### ACTIVITY
Repeat every entry exactly as given.

### PROVIDED MATERIAL
——

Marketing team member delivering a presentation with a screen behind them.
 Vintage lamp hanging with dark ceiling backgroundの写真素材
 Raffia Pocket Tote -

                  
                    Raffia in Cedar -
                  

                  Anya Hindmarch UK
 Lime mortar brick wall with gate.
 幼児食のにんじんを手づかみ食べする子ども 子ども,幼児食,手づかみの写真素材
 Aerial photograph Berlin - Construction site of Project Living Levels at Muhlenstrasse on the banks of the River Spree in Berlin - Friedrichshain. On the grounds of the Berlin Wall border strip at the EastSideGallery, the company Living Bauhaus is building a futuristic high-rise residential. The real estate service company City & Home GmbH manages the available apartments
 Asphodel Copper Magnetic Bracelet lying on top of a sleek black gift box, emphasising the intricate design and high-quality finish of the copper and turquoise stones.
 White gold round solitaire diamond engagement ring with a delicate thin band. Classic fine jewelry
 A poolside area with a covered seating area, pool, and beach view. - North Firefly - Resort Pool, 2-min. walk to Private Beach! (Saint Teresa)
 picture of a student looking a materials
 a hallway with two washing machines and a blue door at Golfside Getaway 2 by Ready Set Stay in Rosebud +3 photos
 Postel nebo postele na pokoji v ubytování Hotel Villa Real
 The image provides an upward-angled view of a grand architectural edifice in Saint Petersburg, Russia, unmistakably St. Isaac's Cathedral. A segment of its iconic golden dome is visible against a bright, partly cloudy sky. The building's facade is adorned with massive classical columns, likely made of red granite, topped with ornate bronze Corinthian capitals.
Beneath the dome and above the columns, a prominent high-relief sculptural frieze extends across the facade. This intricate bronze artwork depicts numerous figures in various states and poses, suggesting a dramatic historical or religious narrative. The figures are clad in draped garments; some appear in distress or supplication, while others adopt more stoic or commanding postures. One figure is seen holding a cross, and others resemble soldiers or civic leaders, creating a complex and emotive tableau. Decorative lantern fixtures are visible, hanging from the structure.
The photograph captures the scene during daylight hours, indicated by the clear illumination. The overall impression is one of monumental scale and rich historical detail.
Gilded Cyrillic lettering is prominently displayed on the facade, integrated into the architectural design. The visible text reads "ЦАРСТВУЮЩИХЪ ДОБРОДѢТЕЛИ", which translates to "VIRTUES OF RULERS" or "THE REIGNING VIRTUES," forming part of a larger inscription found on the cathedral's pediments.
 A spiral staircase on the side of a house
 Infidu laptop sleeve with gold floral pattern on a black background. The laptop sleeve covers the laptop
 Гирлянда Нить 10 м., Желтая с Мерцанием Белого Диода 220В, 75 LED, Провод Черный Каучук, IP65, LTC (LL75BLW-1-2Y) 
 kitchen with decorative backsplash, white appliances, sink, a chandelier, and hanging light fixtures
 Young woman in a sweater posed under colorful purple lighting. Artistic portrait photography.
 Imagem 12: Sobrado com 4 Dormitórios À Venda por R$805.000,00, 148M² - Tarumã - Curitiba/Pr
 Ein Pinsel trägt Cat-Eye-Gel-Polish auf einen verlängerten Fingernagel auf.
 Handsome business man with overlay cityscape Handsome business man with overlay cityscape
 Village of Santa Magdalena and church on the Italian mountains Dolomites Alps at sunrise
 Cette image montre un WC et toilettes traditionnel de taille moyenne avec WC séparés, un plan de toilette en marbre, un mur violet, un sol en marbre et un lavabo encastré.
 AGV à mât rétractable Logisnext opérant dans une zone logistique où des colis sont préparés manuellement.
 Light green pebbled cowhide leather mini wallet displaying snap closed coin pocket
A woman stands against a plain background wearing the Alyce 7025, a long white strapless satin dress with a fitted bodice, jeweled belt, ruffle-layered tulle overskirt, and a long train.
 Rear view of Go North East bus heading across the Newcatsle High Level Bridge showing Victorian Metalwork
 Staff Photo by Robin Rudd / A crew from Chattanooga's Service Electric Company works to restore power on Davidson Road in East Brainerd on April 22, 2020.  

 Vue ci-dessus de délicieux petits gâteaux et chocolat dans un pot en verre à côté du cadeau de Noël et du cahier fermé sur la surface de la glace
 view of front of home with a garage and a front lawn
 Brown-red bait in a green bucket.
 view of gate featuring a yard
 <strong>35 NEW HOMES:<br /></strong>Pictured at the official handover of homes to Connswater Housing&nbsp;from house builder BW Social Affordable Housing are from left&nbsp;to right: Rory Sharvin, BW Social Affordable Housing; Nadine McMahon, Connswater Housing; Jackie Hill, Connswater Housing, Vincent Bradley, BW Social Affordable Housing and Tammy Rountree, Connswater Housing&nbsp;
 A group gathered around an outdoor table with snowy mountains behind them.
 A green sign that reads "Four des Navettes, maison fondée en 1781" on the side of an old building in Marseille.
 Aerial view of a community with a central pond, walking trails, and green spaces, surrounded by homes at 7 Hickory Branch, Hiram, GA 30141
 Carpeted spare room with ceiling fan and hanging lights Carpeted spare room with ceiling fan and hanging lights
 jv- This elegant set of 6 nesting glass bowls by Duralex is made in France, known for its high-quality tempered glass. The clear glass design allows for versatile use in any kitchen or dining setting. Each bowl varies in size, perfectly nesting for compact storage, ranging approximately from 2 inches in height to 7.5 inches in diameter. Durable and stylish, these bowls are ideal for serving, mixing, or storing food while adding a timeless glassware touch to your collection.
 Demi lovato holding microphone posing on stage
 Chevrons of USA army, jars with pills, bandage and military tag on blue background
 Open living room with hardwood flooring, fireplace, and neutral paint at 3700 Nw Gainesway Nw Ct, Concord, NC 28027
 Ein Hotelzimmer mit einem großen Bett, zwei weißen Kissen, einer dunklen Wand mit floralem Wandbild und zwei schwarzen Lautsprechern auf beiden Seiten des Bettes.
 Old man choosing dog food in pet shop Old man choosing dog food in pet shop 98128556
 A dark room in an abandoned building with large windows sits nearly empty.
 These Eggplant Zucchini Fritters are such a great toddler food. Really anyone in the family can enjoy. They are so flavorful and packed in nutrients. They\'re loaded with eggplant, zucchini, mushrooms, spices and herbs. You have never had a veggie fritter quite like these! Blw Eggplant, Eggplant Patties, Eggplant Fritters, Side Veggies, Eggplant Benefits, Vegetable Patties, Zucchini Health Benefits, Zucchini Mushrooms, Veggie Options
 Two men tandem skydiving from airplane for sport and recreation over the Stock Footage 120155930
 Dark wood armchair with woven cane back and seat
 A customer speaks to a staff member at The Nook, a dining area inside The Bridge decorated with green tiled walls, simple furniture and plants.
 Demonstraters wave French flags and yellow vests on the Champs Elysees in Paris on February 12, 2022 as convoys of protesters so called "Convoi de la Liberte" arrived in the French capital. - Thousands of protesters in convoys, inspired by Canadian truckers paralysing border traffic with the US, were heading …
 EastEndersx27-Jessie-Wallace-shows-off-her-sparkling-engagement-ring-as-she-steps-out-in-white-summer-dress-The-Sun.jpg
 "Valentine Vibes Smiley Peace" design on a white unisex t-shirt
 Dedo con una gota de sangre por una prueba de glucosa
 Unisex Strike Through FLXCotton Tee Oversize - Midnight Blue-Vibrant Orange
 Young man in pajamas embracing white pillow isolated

——

### ANSWER SPACE
Marketing team member delivering a presentation with a screen behind them.
 Vintage lamp hanging with dark ceiling backgroundの写真素材
 Raffia Pocket Tote -

                  
                    Raffia in Cedar -
                  

                  Anya Hindmarch UK
 Lime mortar brick wall with gate.
 幼児食のにんじんを手づかみ食べする子ども 子ども,幼児食,手づかみの写真素材
 Aerial photograph Berlin - Construction site of Project Living Levels at Muhlenstrasse on the banks of the River Spree in Berlin - Friedrichshain. On the grounds of the Berlin Wall border strip at the EastSideGallery, the company Living Bauhaus is building a futuristic high-rise residential. The real estate service company City & Home GmbH manages the available apartments
 Asphodel Copper Magnetic Bracelet lying on top of a sleek black gift box, emphasising the intricate design and high-quality finish of the copper and turquoise stones.
 White gold round solitaire diamond engagement ring with a delicate thin band. Classic fine jewelry
 A poolside area with a covered seating area, pool, and beach view. - North Firefly - Resort Pool, 2-min. walk to Private Beach! (Saint Teresa)
 picture of a student looking a materials
 a hallway with two washing machines and a blue door at Golfside Getaway 2 by Ready Set Stay in Rosebud +3 photos
 Postel nebo postele na pokoji v ubytování Hotel Villa Real
 The image provides an upward-angled view of a grand architectural edifice in Saint Petersburg, Russia, unmistakably St. Isaac's Cathedral. A segment of its iconic golden dome is visible against a bright, partly cloudy sky. The building's facade is adorned with massive classical columns, likely made of red granite, topped with ornate bronze Corinthian capitals.
Beneath the dome and above the columns, a prominent high-relief sculptural frieze extends across the facade. This intricate bronze artwork depicts numerous figures in various states and poses, suggesting a dramatic historical or religious narrative. The figures are clad in draped garments; some appear in distress or supplication, while others adopt more stoic or commanding postures. One figure is seen holding a cross, and others resemble soldiers or civic leaders, creating a complex and emotive tableau. Decorative lantern fixtures are visible, hanging from the structure.
The photograph captures the scene during daylight hours, indicated by the clear illumination. The overall impression is one of monumental scale and rich historical detail.
Gilded Cyrillic lettering is prominently displayed on the facade, integrated into the architectural design. The visible text reads "ЦАРСТВУЮЩИХЪ ДОБРОДѢТЕЛИ", which translates to "VIRTUES OF RULERS" or "THE REIGNING VIRTUES," forming part of a larger inscription found on the cathedral's pediments.
 A spiral staircase on the side of a house
 Infidu laptop sleeve with gold floral pattern on a black background. The laptop sleeve covers the laptop
 Гирлянда Нить 10 м., Желтая с Мерцанием Белого Диода 220В, 75 LED, Провод Черный Каучук, IP65, LTC (LL75BLW-1-2Y) 
 kitchen with decorative backsplash, white appliances, sink, a chandelier, and hanging light fixtures
 Young woman in a sweater posed under colorful purple lighting. Artistic portrait photography.
 Imagem 12: Sobrado com 4 Dormitórios À Venda por R$805.000,00, 148M² - Tarumã - Curitiba/Pr
 Ein Pinsel trägt Cat-Eye-Gel-Polish auf einen verlängerten Fingernagel auf.
 Handsome business man with overlay cityscape Handsome business man with overlay cityscape
 Village of Santa Magdalena and church on the Italian mountains Dolomites Alps at sunrise
 Cette image montre un WC et toilettes traditionnel de taille moyenne avec WC séparés, un plan de toilette en marbre, un mur violet, un sol en marbre et un lavabo encastré.
 AGV à mât rétractable Logisnext opérant dans une zone logistique où des colis sont préparés manuellement.
 Light green pebbled cowhide leather mini wallet displaying snap closed coin pocket
A woman stands against a plain background wearing the Alyce 7025, a long white strapless satin dress with a fitted bodice, jeweled belt, ruffle-layered tulle overskirt, and a long train.
 Rear view of Go North East bus heading across the Newcatsle High Level Bridge showing Victorian Metalwork
 Staff Photo by Robin Rudd / A crew from Chattanooga's Service Electric Company works to restore power on Davidson Road in East Brainerd on April 22, 2020.  

 Vue ci-dessus de délicieux petits gâteaux et chocolat dans un pot en verre à côté du cadeau de Noël et du cahier fermé sur la surface de la glace
 view of front of home with a garage and a front lawn
 Brown-red bait in a green bucket.
 view of gate featuring a yard
 <strong>35 NEW HOMES:<br /></strong>Pictured at the official handover of homes to Connswater Housing&nbsp;from house builder BW Social Affordable Housing are from left&nbsp;to right: Rory Sharvin, BW Social Affordable Housing; Nadine McMahon, Connswater Housing; Jackie Hill, Connswater Housing, Vincent Bradley, BW Social Affordable Housing and Tammy Rountree, Connswater Housing&nbsp;
 A group gathered around an outdoor table with snowy mountains behind them.
 A green sign that reads "Four des Navettes, maison fondée en 1781" on the side of an old building in Marseille.
 Aerial view of a community with a central pond, walking trails, and green spaces, surrounded by homes at 7 Hickory Branch, Hiram, GA 30141
 Carpeted spare room with ceiling fan and hanging lights Carpeted spare room with ceiling fan and hanging lights
 jv- This elegant set of 6 nesting glass bowls by Duralex is made in France, known for its high-quality tempered glass. The clear glass design allows for versatile use in any kitchen or dining setting. Each bowl varies in size, perfectly nesting for compact storage, ranging approximately from 2 inches in height to 7.5 inches in diameter. Durable and stylish, these bowls are ideal for serving, mixing, or storing food while adding a timeless glassware touch to your collection.
 Demi lovato holding microphone posing on stage
 Chevrons of USA army, jars with pills, bandage and military tag on blue background
 Open living room with hardwood flooring, fireplace, and neutral paint at 3700 Nw Gainesway Nw Ct, Concord, NC 28027
 Ein Hotelzimmer mit einem großen Bett, zwei weißen Kissen, einer dunklen Wand mit floralem Wandbild und zwei schwarzen Lautsprechern auf beiden Seiten des Bettes.
 Old man choosing dog food in pet shop Old man choosing dog food in pet shop 98128556
 A dark room in an abandoned building with large windows sits nearly empty.
 These Eggplant Zucchini Fritters are such a great toddler food. Really anyone in the family can enjoy. They are so flavorful and packed in nutrients. They\'re loaded with eggplant, zucchini, mushrooms, spices and herbs. You have never had a veggie fritter quite like these! Blw Eggplant, Eggplant Patties, Eggplant Fritters, Side Veggies, Eggplant Benefits, Vegetable Patties, Zucchini Health Benefits, Zucchini Mushrooms, Veggie Options
 Two men tandem skydiving from airplane for sport and recreation over the Stock Footage 120155930
 Dark wood armchair with woven cane back and seat
 A customer speaks to a staff member at The Nook, a dining area inside The Bridge decorated with green tiled walls, simple furniture and plants.
 Demonstraters wave French flags and yellow vests on the Champs Elysees in Paris on February 12, 2022 as convoys of protesters so called "Convoi de la Liberte" arrived in the French capital. - Thousands of protesters in convoys, inspired by Canadian truckers paralysing border traffic with the US, were heading …
 EastEndersx27-Jessie-Wallace-shows-off-her-sparkling-engagement-ring-as-she-steps-out-in-white-summer-dress-The-Sun.jpg
 "Valentine Vibes Smiley Peace" design on a white unisex t-shirt
 Dedo con una gota de sangre por una prueba de glucosa
 Unisex Strike Through FLXCotton Tee Oversize - Midnight Blue-Vibrant Orange
 Young man in pajamas embracing white pillow isolated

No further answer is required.